NO GRANDIOSE words of inspiration were needed from Kevin Ball when Sunderland’s players assembled in the Stadium of Light dressing room.
Such had been the burden of mental torture lifted from Sunderland’s players, it was sufficient for the ex-Black Cats skipper to allow his temporary charges to simply enjoy themselves.
The body language, a stark contrast from the resigned faces at the Hawthorns on Saturday, said it all about what Sunderland’s players thought about life after Paolo Di Canio.
From the hand-shakes with the door staff – a big no-no under Di Canio – to the widespread applause to supporters when they emerged from the tunnel, and the wholescale celebrations following Emanuele Giaccherini’s opener, the weight of Di Canio verbal battering had evidently been lifted.
In that respect, Ball’s job was made much easier.
But what became Sunderland’s most complete performance of the season wasn’t solely down to player power.
Ball had a hand in it and it inevitably begged the question of whether the interim head coach – as he has been crowned – is a serious contender for the permanent position.
The 48-year-old’s former team-mates certainly think he should be among the runners and riders, Niall Quinn publicly expressing his support yesterday.
But as they prudently take their time casting around for suitable successors to Di Canio, Sunderland’s board would be negligent not to consider it as a possibility.
Certainly, Ball has never lacked popularity on Wearside and a chorus of “Ooh Bally, Bally” immediately rang around the sparsely populated Stadium of Light once Valentin Roberge had put the game to bed last night with his pinpoint header.
And unlike the other contenders, Sunderland don’t need to do any due diligence with Ball.
They know his credentials, the near-decade he has spent coaching at the Academy of Light and the unwavering passion he boasts for this football club.
Ball didn’t do his chances any harm last night either.

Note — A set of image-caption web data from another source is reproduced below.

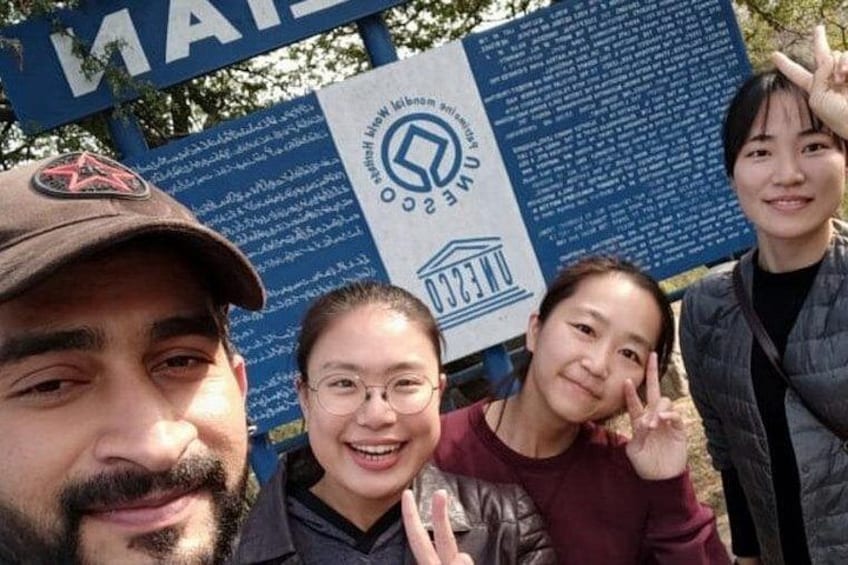 Un grupo de personas posando frente a un letrero con texto y logotipos. 2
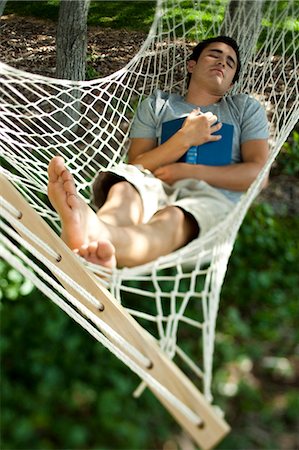 sleep book - Man who fell asleep reading in a hammock Stock Photo - Premium Royalty-Free, Code: 640-03259812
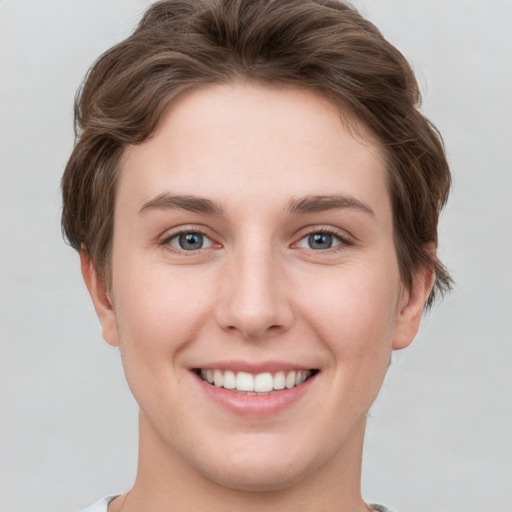 Joyful white young-adult female with short  brown hair and grey eyes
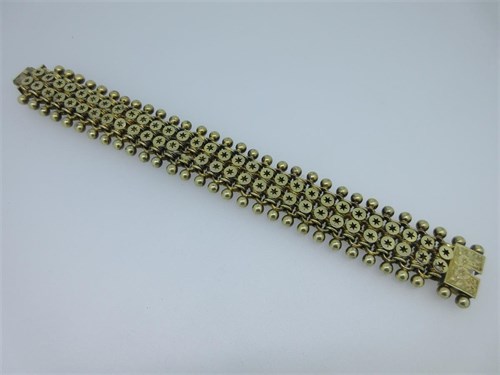 Lot 125 - A star and ball mesh link bracelet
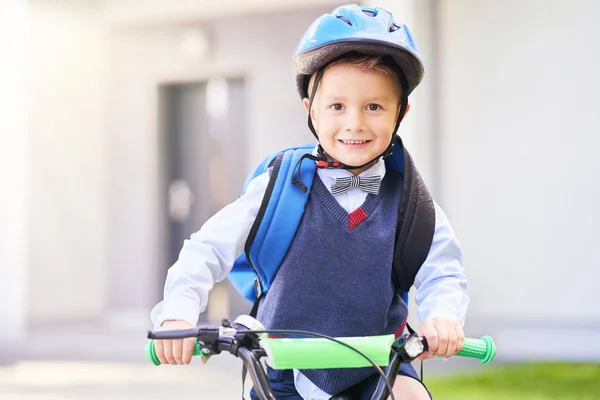 School boy in safety helmet riding bike with backpack — Stock Photo, Image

Wisely, Ball turned to the old heads in his squad who have been through this all before, albeit never in such extreme circumstances.
Back came the likes of Seb Larsson, Carlos Cuellar and Lee Cattermole, with the latter pair both making their first starts of the season.
Peterborough offered surprisingly little resistance considering their recent form in League One, yet Sunderland showed in their second round victory over MK Dons that they were well capable of struggling against third tier opposition.
But the Black Cats still dominated from start to finish, and could have won by a far more handsome margin.
Cuellar introduced a familiarity into the back-line and the greater harmony sparked a first clean sheet of the campaign.
And Larsson worked well as an inverted winger down the left-hand side, albeit Peterborough offered a helping hand down either flank by leaving their full-backs two-on-one against Sunderland’s operators on the flanks.
But Cattermole was the member of the trio who really shone.
There were slack passes, befitting a player who had not started a competitive game since February, and there were more telling ones - a cross on a plate for Giaccherini’s first half goal.
Yet it was the leadership and drive in the middle of the park offered by Cattermole which Sunderland have been missing so clearly this season.
Despite being stripped of the captaincy by Di Canio, Cattermole continues to be the natural leader of this side.
Finally, there was someone shouting at his team-mates and issuing instructions from the middle of the park.
The prospect of a Cattermole/Ki Sung-Yeung double-act is one which harbours potential too; they are a naturally complementary duo.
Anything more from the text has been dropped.